START Recorded data

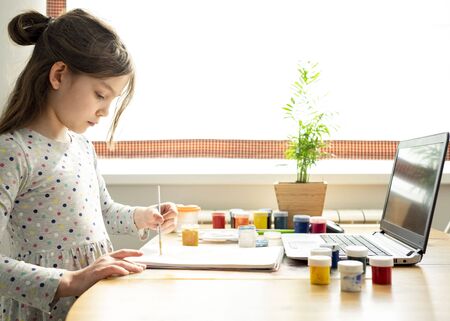 Distance education concept. Covid lockdown. Caucasian girl learns to draw online during self-isolationの写真素材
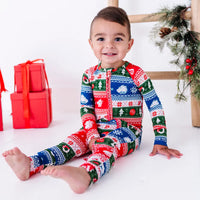 A smiling toddler sitting with legs stretched out and bare feet, wearing a zip up pajama in red, green, blue, and white fair isle stripes with snowflakes, pine trees, and white dragon heads.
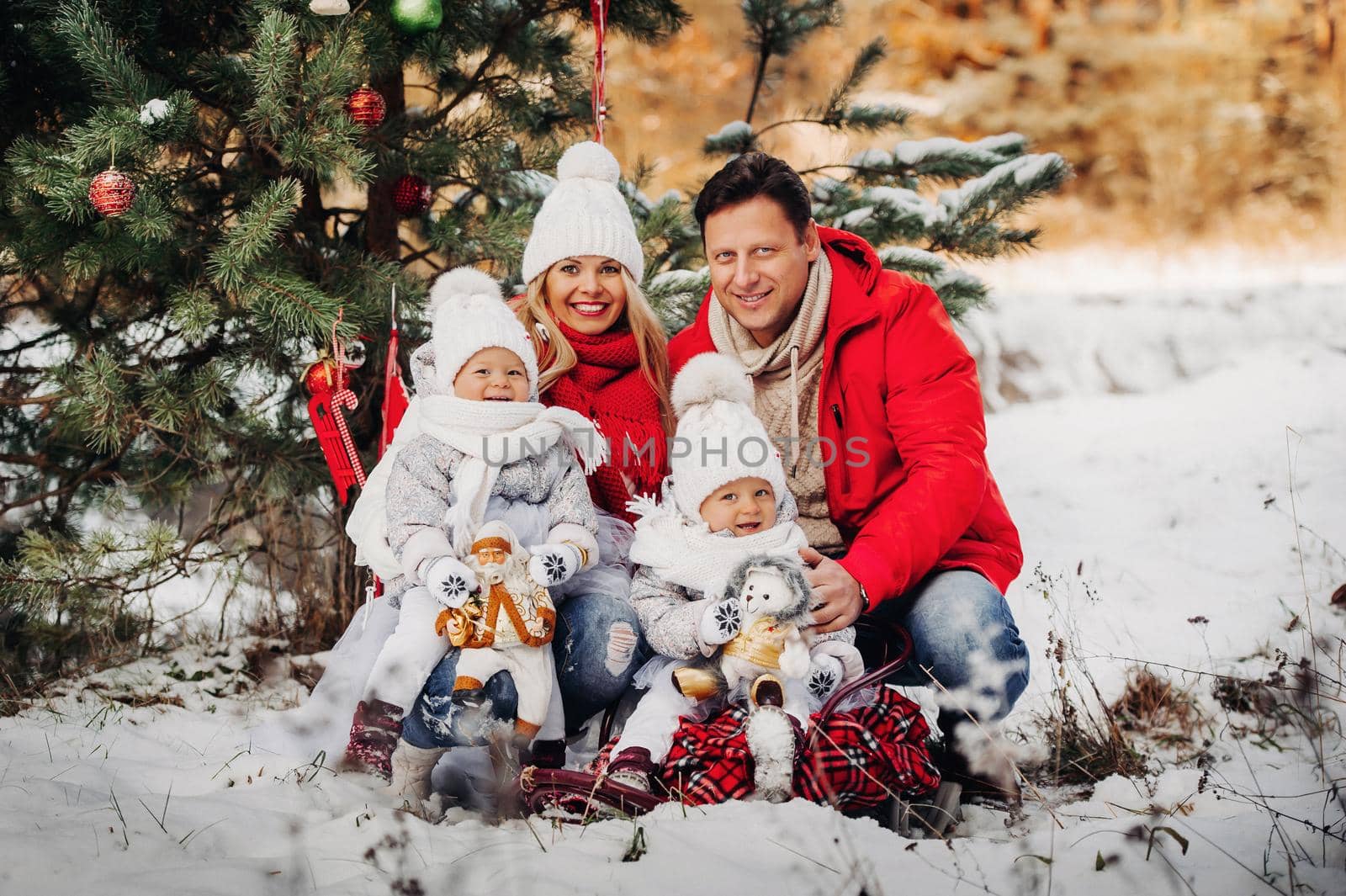 A large family with children at the Christmas tree on the street Happy Children with gifts.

END Recorded data

Every line above should be retyped exactly; the pictures do not belong in the copy.

▶ _Answer space_:
 Distance education concept. Covid lockdown. Caucasian girl learns to draw online during self-isolationの写真素材
 A smiling toddler sitting with legs stretched out and bare feet, wearing a zip up pajama in red, green, blue, and white fair isle stripes with snowflakes, pine trees, and white dragon heads.
 A large family with children at the Christmas tree on the street Happy Children with gifts.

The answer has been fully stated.